Required work = Retype the data exactly, skipping any picture in it.

Extracted entries =

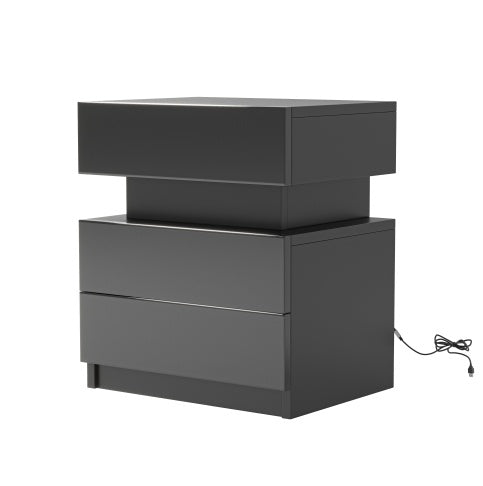 NEW LED Nightstand Modern Black Nightstand With Led Lights Wood Led Bedside Table Nightstand With 2 High Gloss Drawers For Bedroom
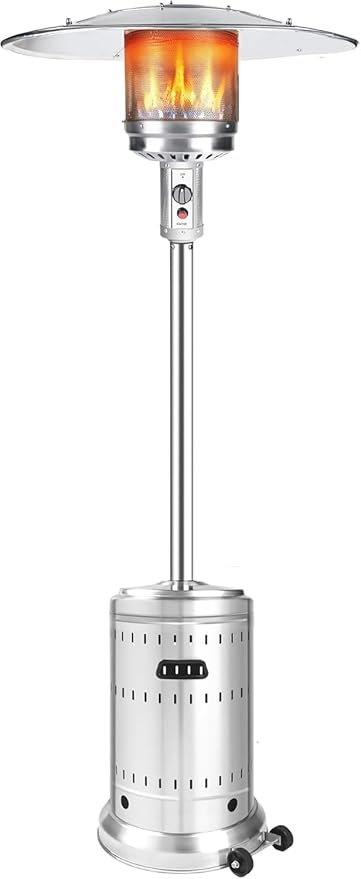 50,000 BTU Outdoor Propane Patio Heater with Wheels – All-Stainless Steel Gas Heater, Weighted Base, Easy Ignition & Safety Tilt Shut-Off for Patio, Backyard, Garden & Commercial Use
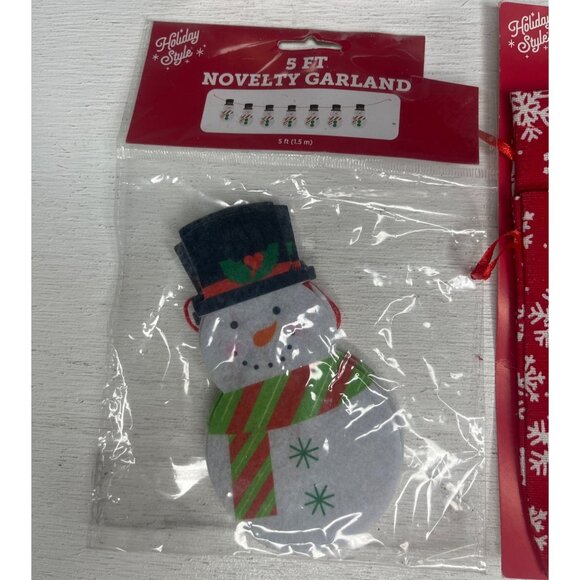 Holiday Style Christmas Decor Set Snowman Garland Mini Bags Jingle Bells Ribbon - Picture 4 of 7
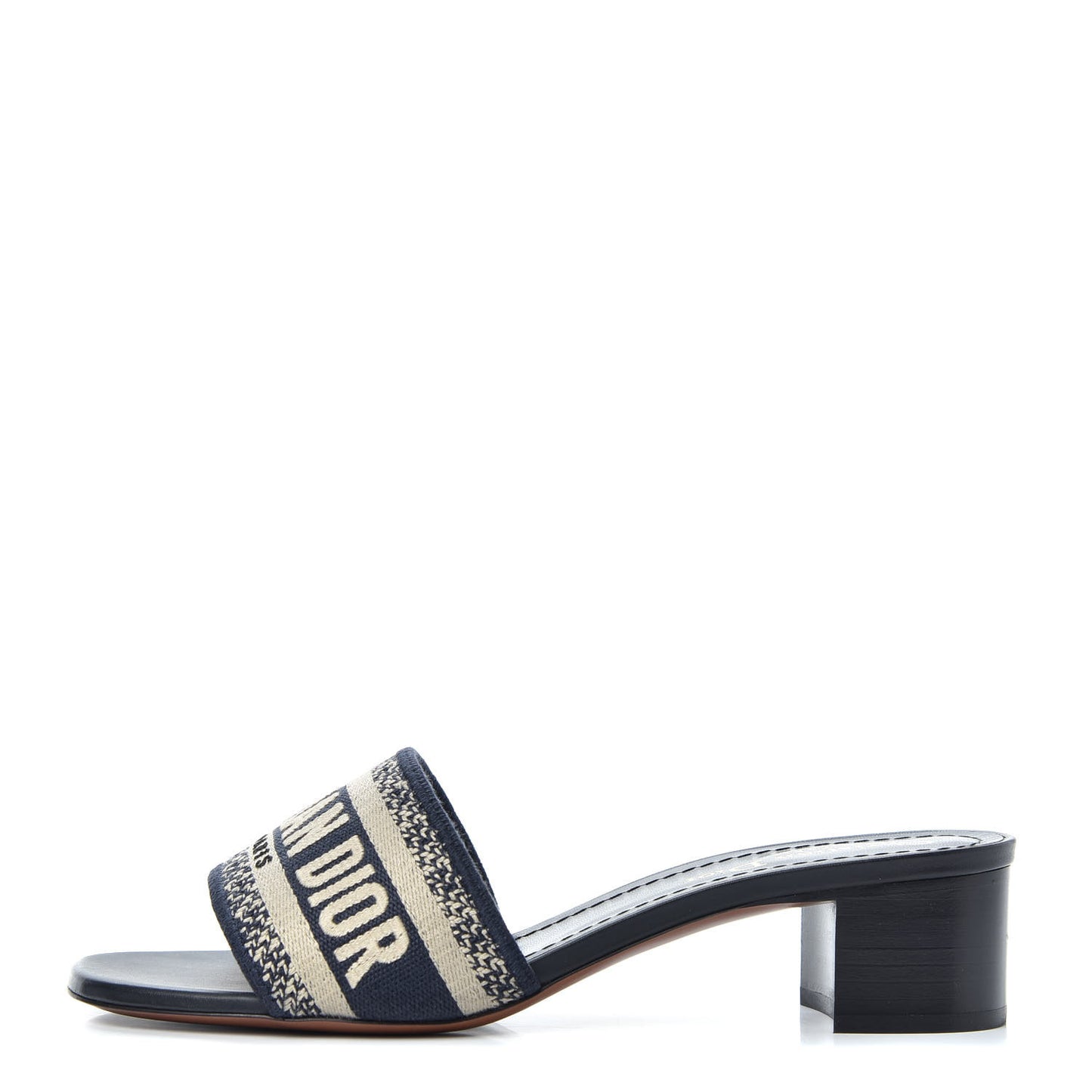 Cotton Embroidered Dway 40mm Slide Sandals 36.5 Deep Blue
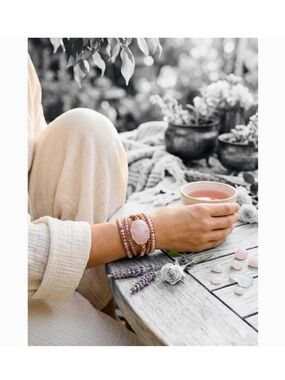 New Natural Pink Rose Quartz and Natural Stones on a Leather Cord Wrap Bracelet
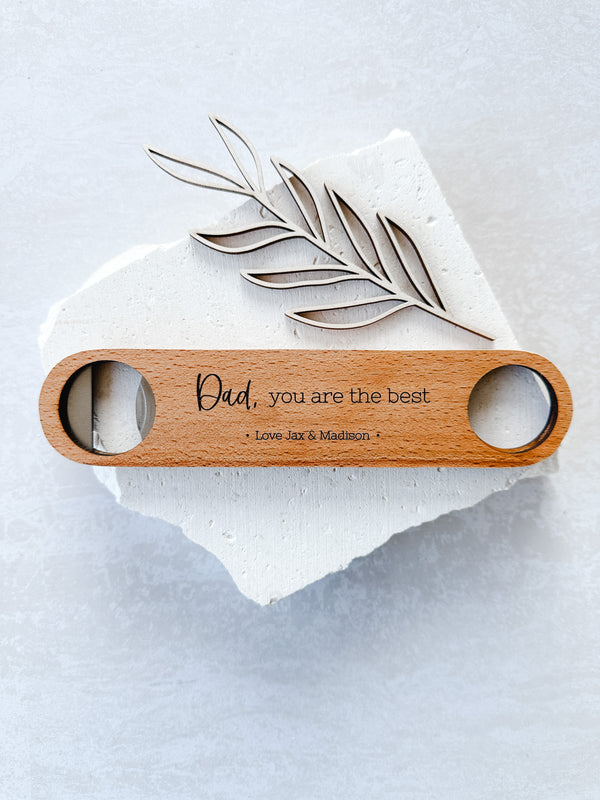 Engraved wooden bottle opener - Father’s Day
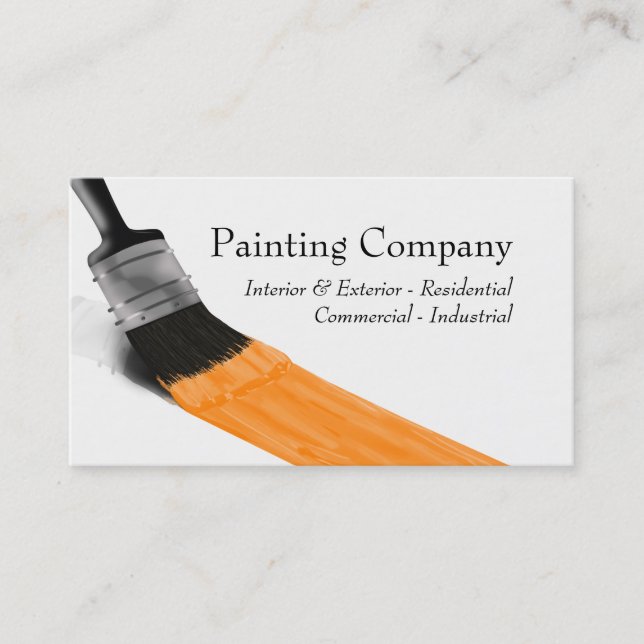 Painting Painter Service Company Brush Orange Business Card (Front)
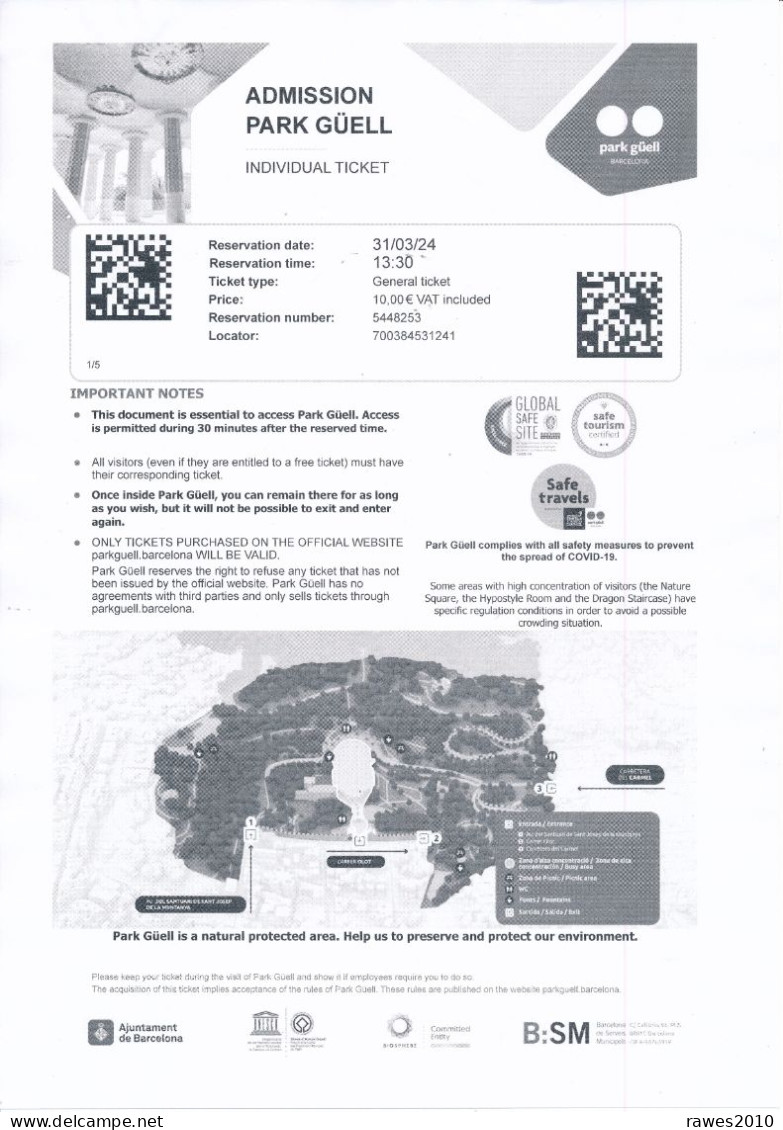 Spanien Barcelona Eintrittskarte General 2024 Park Güell - Nur Elektronische Tickets Buchbar - Biglietti D'ingresso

Task solution =
 NEW LED Nightstand Modern Black Nightstand With Led Lights Wood Led Bedside Table Nightstand With 2 High Gloss Drawers For Bedroom
 50,000 BTU Outdoor Propane Patio Heater with Wheels – All-Stainless Steel Gas Heater, Weighted Base, Easy Ignition & Safety Tilt Shut-Off for Patio, Backyard, Garden & Commercial Use
 Holiday Style Christmas Decor Set Snowman Garland Mini Bags Jingle Bells Ribbon - Picture 4 of 7
 Cotton Embroidered Dway 40mm Slide Sandals 36.5 Deep Blue
 New Natural Pink Rose Quartz and Natural Stones on a Leather Cord Wrap Bracelet
 Engraved wooden bottle opener - Father’s Day
 Painting Painter Service Company Brush Orange Business Card (Front)
 Spanien Barcelona Eintrittskarte General 2024 Park Güell - Nur Elektronische Tickets Buchbar - Biglietti D'ingresso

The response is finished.